At least one T&T national was granted asylum in the United States last year, based on the claim that he faced continued persecution in this country as a result of his sexual orientation. Immigration Equality (IE), a US-based human rights NGO, handled 37 asylum claims from T&T in 2010. There were 38 successful actions by Jamaican nationals and four from Grenada. The names of applicants are not usually disclosed and not all claims are handled by the organisation. Legislative shortcomings that do not address discrimination on the grounds of sexual orientation were cited in most instances.
“In many cases, the clients who turn to Immigration Equality for help are literally running for their lives,” IE executive director Rachel B Tiven said in a press release. This, US-based Puerto Rican immigration attorney Sheila Velez said, frequently occurs because there was a lack of access to adequate anti-discrimination legislation in the Caribbean and the result can often be acts of violence including torture and outright job and other discrimination. Local activists do not believe such claims were exaggerated.

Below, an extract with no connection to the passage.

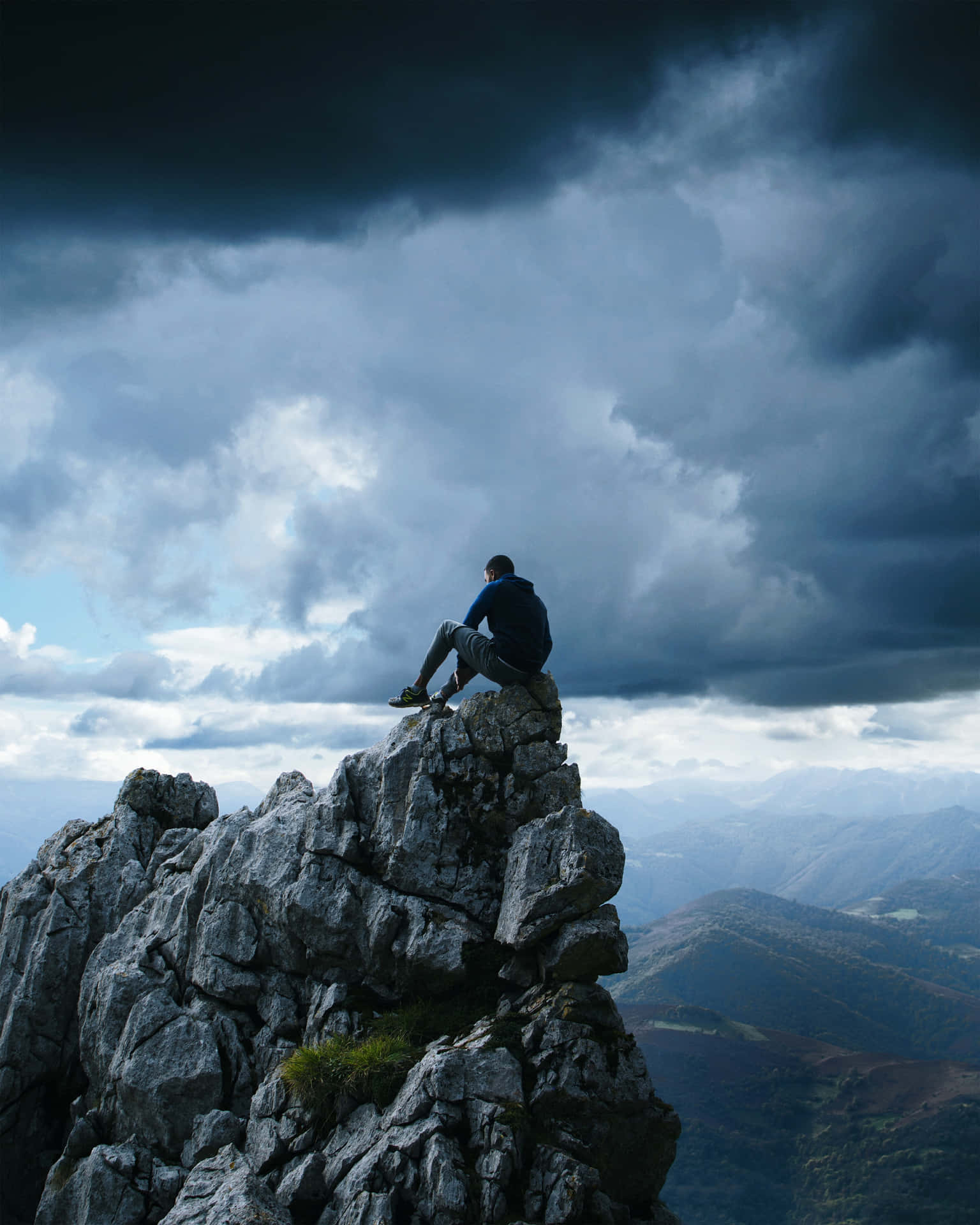 Man Sitting On Cliff Point Precipice Wallpaper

Gay, lesbian, bisexual and transgender (GLBT) spokesman, Cyrus Sylvester, told the Guardian: “While some may be of the opinion that this claim is overstated, for many members of the GLBT community here in Trinidad and Tobago, persecution based on sexual orientation is a frightening reality. “While all claims for asylum will not be of the same merit, I strongly believe that some of these cases can amount to legitimate claims for asylum in other, more tolerant societies,” he said, adding he was aware of other successful applications in Canada and Europe.